START DATA FOR THIS EXERCISE

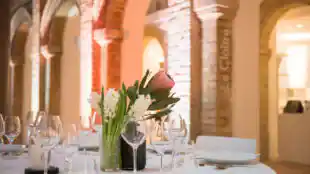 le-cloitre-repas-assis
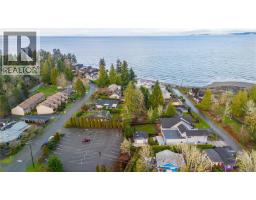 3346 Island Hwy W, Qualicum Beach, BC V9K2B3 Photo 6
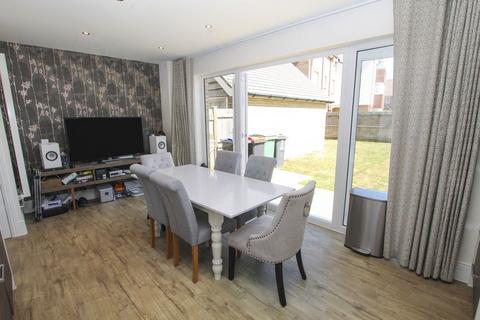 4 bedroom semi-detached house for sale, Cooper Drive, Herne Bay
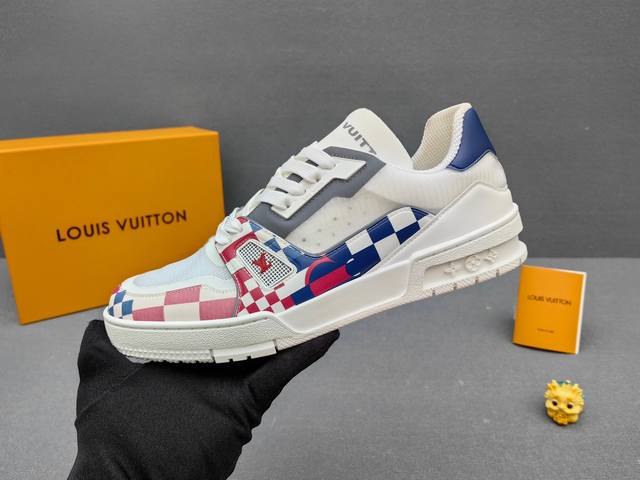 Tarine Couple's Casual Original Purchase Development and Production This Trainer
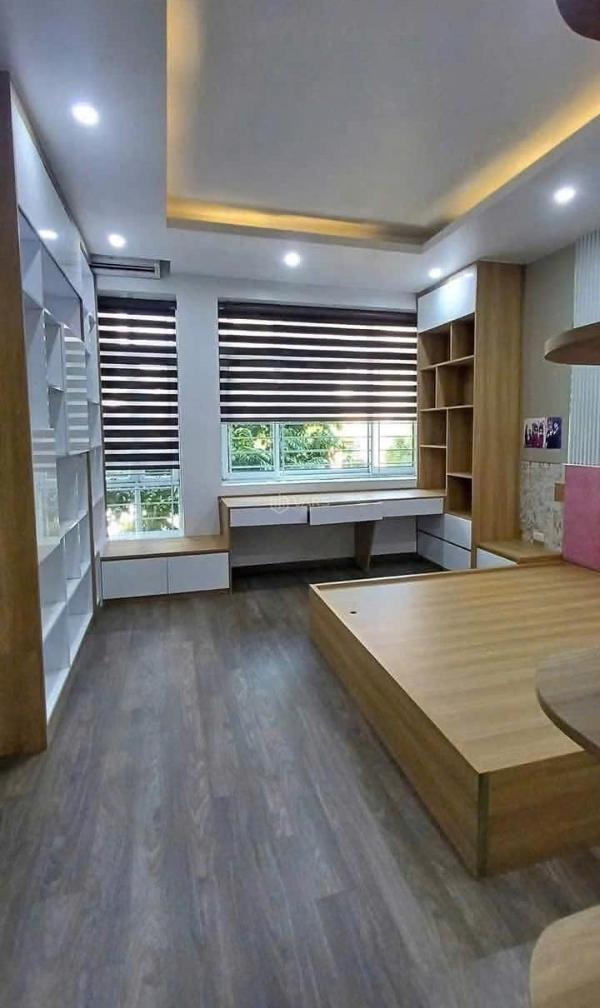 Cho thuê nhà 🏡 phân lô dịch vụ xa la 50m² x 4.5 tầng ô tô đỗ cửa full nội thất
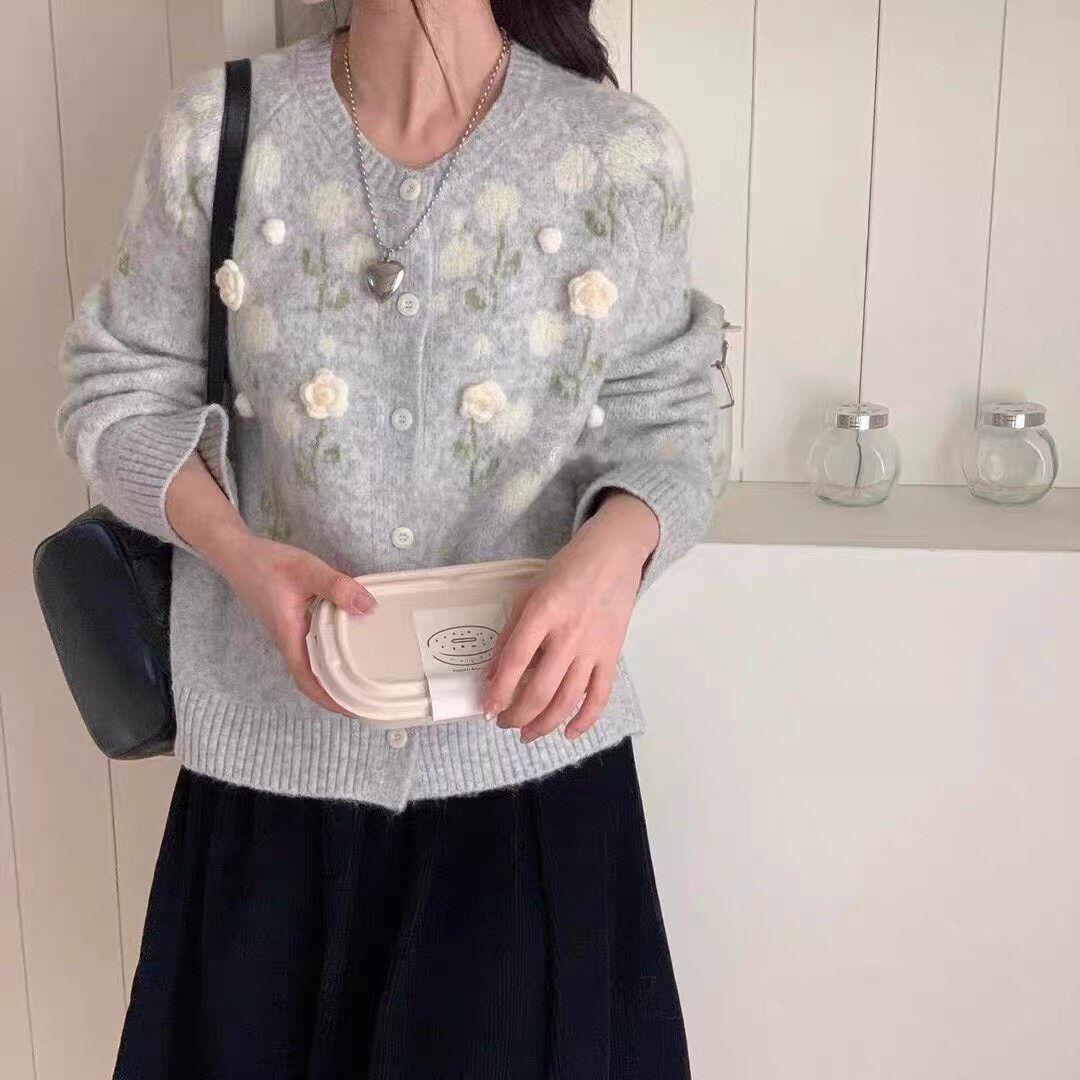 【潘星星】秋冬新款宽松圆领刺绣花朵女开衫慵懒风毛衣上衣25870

END DATA FOR THIS EXERCISE

> [REQUIREMENT] Give back, word for word, the lines from the one with "4 bedroom semi-detached" to the end of the records above, and no pictures.

> [ANSWER SPACE]
 4 bedroom semi-detached house for sale, Cooper Drive, Herne Bay
 Tarine Couple's Casual Original Purchase Development and Production This Trainer
 Cho thuê nhà 🏡 phân lô dịch vụ xa la 50m² x 4.5 tầng ô tô đỗ cửa full nội thất
 【潘星星】秋冬新款宽松圆领刺绣花朵女开衫慵懒风毛衣上衣25870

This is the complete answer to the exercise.